How to check if a tree is a binary search tree?

Someone in a Telegram chat

Binary search tree is a rooted tree, in which:

• each vertex can have at most one left child and at most one right child,
• for each non-leaf vertex $x$, all vertices in its left subtree are less than $x$. and all vertices in its right subtree are greater than $x$.

You are given a tree with $n$ vertices.
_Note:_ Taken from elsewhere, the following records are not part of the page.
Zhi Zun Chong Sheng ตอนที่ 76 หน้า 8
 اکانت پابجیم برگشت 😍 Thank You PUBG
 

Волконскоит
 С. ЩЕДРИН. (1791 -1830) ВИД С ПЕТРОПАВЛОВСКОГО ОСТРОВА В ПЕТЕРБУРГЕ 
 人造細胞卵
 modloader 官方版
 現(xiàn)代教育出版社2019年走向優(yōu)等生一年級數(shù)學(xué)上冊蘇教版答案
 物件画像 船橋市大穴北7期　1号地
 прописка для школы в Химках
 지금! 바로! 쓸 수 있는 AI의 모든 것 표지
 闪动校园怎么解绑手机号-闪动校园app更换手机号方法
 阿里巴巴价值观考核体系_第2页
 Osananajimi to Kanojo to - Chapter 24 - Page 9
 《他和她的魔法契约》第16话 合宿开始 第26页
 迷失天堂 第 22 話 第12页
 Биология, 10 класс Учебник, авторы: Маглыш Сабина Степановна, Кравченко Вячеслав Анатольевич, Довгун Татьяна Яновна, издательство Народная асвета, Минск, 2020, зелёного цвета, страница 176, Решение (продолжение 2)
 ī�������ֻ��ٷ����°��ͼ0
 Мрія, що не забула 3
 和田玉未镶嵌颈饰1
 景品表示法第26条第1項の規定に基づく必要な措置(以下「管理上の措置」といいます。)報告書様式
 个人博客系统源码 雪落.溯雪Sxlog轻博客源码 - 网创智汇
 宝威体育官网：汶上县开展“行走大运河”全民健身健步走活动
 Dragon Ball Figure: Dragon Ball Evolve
Can this tree, being rooted at some vertex, be a binary search tree, and if it can, what vertices can be a root?

## 입력

The first line contains an integer $n$ ($1 \le n \le 500000$) --- the number of vertices in the tree.

Each of the next $n - 1$ lines contains two integers $u_i$ and $v_i$ ($1 \le u_i, v_i \le n$) --- the edges of the tree.

## 출력

If this tree can't be a binary search tree, output "-1".

Otherwise, output all vertices that can be a root, in increasing order.

## 예제 입력 1

3
1 2
2 3


## 예제 출력 1

1 2 3


## 예제 입력 2

3
1 3
3 2


## 예제 출력 2

1


## 예제 입력 3

4
1 3
3 2
2 4


## 예제 출력 3

-1


## 예제 입력 4

4
1 2
1 3
1 4


## 예제 출력 4

-1